El país les debía la vida a las crecientes del Nilo, que fecundan el desierto con los limos que bajan del corazón de África, pero igual le debía la muerte. Esas inundaciones traían cíclicos desastres, y repetían la historia mítica de las vacas gordas y las vacas flacas del sueño del faraón que José, hijo de Jacob, descifró hace milenios.
Egipto sabía que a ese torrente de vida, a la sangre verde del Nilo, había que ponerle un cerebro, una represa que permitiera manejar a voluntad las crecientes. Inglaterra construyó una represa insuficiente, pero cuando los egipcios decidieron hacer una represa verdadera y tomar el destino en sus manos, las grandes potencias se negaron a contribuir a su financiación: un Egipto libre no era prioridad para nadie.
A esto se debe el prestigio mitológico de Gamal Abdel Nasser, el coronel que a mediados de los años cincuenta nacionalizó el Canal, se enfrentó a ingleses, franceses e israelíes y, ante la imposibilidad de encontrar ayuda en los invasores eternos, aprovechó la guerra fría para obtener la ayuda de los rusos y construir la represa de Asuán, que es hoy el cerebro del río y una de las claves de la economía egipcia.
La otra clave se la habían dejado al país los dioses y los siglos: su tesoro arqueológico, las pirámides, la Esfinge, el Valle de los Reyes, las joyas del arte faraónico, del arte toloméico, del arte islámico, que a pesar de tantos saqueos y depredaciones, hicieron de Egipto uno de los mayores yacimientos de la memoria cultural de la humanidad.
La vieja pasión por Egipto se moderó en oleadas de turistas y el país pasó a depender del turismo como casi su principal fuente de ingresos. Pero el turismo es una industria, un tipo de relación con la realidad, y en el país islámico ha crecido la desconfianza frente a los modelos de Occidente. Mucho antes de las Cruzadas, el diálogo de civilizaciones había sido reemplazado por guerras y saqueos, y una parte de Egipto recela de las potencias occidentales. Muchos ven en las recientes invasiones a Afganistán, Irak y Libia, abusivos esfuerzos de Occidente por imponer su modelo mediante la arrogancia y la fuerza.
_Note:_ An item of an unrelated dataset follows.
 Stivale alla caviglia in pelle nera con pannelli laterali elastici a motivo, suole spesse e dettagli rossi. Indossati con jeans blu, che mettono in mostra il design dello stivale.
La hermandad musulmana, a la que se atribuyen atentados contra el turismo, tiene ahora más ascendiente sobre la población. El ejército intenta mantener sobre la sociedad el poder que Hosni Mubarak mantuvo por décadas, y su alianza con Occidente. Pero ahora, después de la discutida elección hace un mes de Al Sisi, del que muchos esperan que sea un nuevo Nasser, la hermandad musulmana contraataca.
Occidente no les ha demostrado a los egipcios que le interesa su bienestar, y no, como siempre, el algodón, los cereales, las tumbas de los reyes, los obeliscos, los sarcófagos, la geopolítica, el canal, el petróleo. Y ese edificio calcinado en el centro de El Cairo, al lado del Museo que protege la memoria, parece una metáfora del contraste entre el pasado admirable y el presente amenazante.